The expected answer is the set of lines in the data below between the line holding "Cushman haulster turf" and the line holding "Миниатюрная шпионская видеокамера", inclusive, written out exactly.

EXERCISE INPUTS.
****************
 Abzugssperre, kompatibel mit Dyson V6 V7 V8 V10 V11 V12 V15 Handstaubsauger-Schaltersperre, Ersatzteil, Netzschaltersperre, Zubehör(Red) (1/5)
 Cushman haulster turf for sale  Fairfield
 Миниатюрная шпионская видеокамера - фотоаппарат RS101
****************
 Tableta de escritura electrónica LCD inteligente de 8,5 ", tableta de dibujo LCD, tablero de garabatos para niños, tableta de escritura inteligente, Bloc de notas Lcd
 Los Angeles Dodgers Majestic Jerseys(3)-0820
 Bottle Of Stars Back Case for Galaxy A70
****************
FINAL ANSWER.
 Cushman haulster turf for sale  Fairfield
 Миниатюрная шпионская видеокамера - фотоаппарат RS101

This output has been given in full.